Nothing but an exact copy of the listing should be given.
======
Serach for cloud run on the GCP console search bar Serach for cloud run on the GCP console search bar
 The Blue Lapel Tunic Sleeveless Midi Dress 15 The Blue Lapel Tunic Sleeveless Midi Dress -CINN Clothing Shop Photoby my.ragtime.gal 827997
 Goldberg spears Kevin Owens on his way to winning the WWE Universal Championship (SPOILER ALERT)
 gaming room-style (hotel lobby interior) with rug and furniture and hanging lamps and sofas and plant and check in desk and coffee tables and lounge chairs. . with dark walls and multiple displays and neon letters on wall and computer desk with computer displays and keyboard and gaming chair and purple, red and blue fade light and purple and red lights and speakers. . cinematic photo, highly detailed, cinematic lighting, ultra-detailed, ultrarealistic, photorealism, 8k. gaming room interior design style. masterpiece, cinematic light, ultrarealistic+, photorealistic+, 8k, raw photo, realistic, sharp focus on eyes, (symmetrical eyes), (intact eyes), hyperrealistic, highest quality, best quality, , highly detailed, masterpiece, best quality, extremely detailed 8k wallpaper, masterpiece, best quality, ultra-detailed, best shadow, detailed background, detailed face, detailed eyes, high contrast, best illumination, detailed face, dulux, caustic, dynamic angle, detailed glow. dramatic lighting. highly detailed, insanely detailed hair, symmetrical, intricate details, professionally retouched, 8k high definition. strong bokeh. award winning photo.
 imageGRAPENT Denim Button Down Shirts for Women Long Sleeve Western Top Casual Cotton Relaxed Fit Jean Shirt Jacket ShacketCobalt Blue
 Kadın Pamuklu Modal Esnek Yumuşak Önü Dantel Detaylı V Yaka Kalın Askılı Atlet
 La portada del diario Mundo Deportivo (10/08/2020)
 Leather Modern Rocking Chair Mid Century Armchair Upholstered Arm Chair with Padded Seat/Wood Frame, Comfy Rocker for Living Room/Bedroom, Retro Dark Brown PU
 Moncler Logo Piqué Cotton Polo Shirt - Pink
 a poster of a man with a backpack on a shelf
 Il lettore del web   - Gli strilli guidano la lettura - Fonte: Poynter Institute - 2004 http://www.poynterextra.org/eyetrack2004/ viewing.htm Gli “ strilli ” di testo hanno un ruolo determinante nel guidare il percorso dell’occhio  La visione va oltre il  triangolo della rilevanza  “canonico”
======
- Solution below -
Serach for cloud run on the GCP console search bar Serach for cloud run on the GCP console search bar
 The Blue Lapel Tunic Sleeveless Midi Dress 15 The Blue Lapel Tunic Sleeveless Midi Dress -CINN Clothing Shop Photoby my.ragtime.gal 827997
 Goldberg spears Kevin Owens on his way to winning the WWE Universal Championship (SPOILER ALERT)
 gaming room-style (hotel lobby interior) with rug and furniture and hanging lamps and sofas and plant and check in desk and coffee tables and lounge chairs. . with dark walls and multiple displays and neon letters on wall and computer desk with computer displays and keyboard and gaming chair and purple, red and blue fade light and purple and red lights and speakers. . cinematic photo, highly detailed, cinematic lighting, ultra-detailed, ultrarealistic, photorealism, 8k. gaming room interior design style. masterpiece, cinematic light, ultrarealistic+, photorealistic+, 8k, raw photo, realistic, sharp focus on eyes, (symmetrical eyes), (intact eyes), hyperrealistic, highest quality, best quality, , highly detailed, masterpiece, best quality, extremely detailed 8k wallpaper, masterpiece, best quality, ultra-detailed, best shadow, detailed background, detailed face, detailed eyes, high contrast, best illumination, detailed face, dulux, caustic, dynamic angle, detailed glow. dramatic lighting. highly detailed, insanely detailed hair, symmetrical, intricate details, professionally retouched, 8k high definition. strong bokeh. award winning photo.
 imageGRAPENT Denim Button Down Shirts for Women Long Sleeve Western Top Casual Cotton Relaxed Fit Jean Shirt Jacket ShacketCobalt Blue
 Kadın Pamuklu Modal Esnek Yumuşak Önü Dantel Detaylı V Yaka Kalın Askılı Atlet
 La portada del diario Mundo Deportivo (10/08/2020)
 Leather Modern Rocking Chair Mid Century Armchair Upholstered Arm Chair with Padded Seat/Wood Frame, Comfy Rocker for Living Room/Bedroom, Retro Dark Brown PU
 Moncler Logo Piqué Cotton Polo Shirt - Pink
 a poster of a man with a backpack on a shelf
 Il lettore del web   - Gli strilli guidano la lettura - Fonte: Poynter Institute - 2004 http://www.poynterextra.org/eyetrack2004/ viewing.htm Gli “ strilli ” di testo hanno un ruolo determinante nel guidare il percorso dell’occhio  La visione va oltre il  triangolo della rilevanza  “canonico”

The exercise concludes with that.